I was afraid that Sartorius had no real intention of abandoning the construction of the disruptor. And how would Snow react when he found out that I had kept information from him and exaggerated the dangers we might run in the attempt to annihilate neutrino structures? Yet neither of the two said anything further about the project, and I kept wondering why they were so silent. I vaguely suspected them of keeping something from me – perhaps they had been working in secret – and every day I inspected the room which housed the disruptor, a windowless cell situated directly underneath the main laboratory. I never found anybody in the room, and the layer of dust over the armatures and cables of the apparatus proved that it had not been touched for weeks.

As a matter of fact, I did not meet anybody anywhere, and could not get through to Snow any more: nobody answered when I tried to call the radio-cabin. Somebody had to be controlling the Station’s movements, but who? I had no idea, and oddly enough I considered the question was out of my province. The absence of response from the ocean left me equally indifferent, so much so that after two or three days I had stopped being either hopeful or apprehensive, and had completely written off the experiment and its possible results.
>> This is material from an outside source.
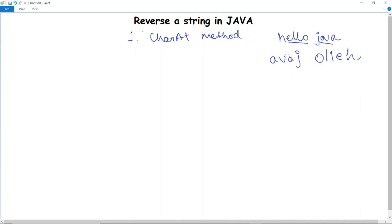For that, we have to firstly initialize two string variables for storing the initial string and the reverse string. Next, with the help of the Scanner class, we have to ask the user to enter a particular string to reverse. We will then read the length of the string and execute a for loop.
For days on end, I remained sitting in the library or in my cabin, accompanied by the silent shadow of Rheya. I was aware that there was an unease between us, and that my state of mindless suspension could not go on forever. Obviously it was up to me to break the stalemate, but I resisted the very idea of any kind of change: I was incapable of making the most trivial decision. Everything inside the Station, and my relationship with Rheya in particular, felt fragile and insubstantial, as if the slightest alteration could shatter the perilous equilibrium and bring down ruin. I could not tell where this feeling originated, and the strangest thing of all is that Rheya too had a similar experience. When I look back on those moments today, I have a strong conviction that this atmosphere of uncertainty and suspense, and my presentiment of impending disaster, was provoked by an invisible presence which had taken possession of the Station. I believe too that I can claim that this presence manifested itself just as powerfully in dreams. I have never had visions of that kind before or since, so I decided to note them down and to transcribe them approximately, in so far as my vocabulary permits, given that I can convey only fragmentary glimpses almost entirely denuded of an incommunicable horror.

A blurred region, in the heart of vastness, far from earth and heaven, with no ground underfoot, no vault of sky overhead, nothing. I am the prisoner of an alien matter and my body is clothed in a dead, formless substance – or rather I have no body, I am that alien matter. Nebulous pale pink globules surround me, suspended in a medium more opaque than air, for objects only become clear at very close range, although when they do approach they are abnormally distinct, and their presence comes home to me with a preternatural vividness. The conviction of its substantial, tangible reality is now so overwhelming that later, when I wake up, I have the impression that I have just left a state of true perception, and everything I see after opening my eyes seems hazy and unreal.

That is how the dream begins. All around me, something is awaiting my consent, my inner acquiescence, and I know, or rather the knowledge exists, that I must not give way to an unknown temptation, for the more the silence seems to promise, the more terrible the outcome will be. Yet I essentially know no such thing, because I would be afraid if I knew, and I never feel the slightest fear.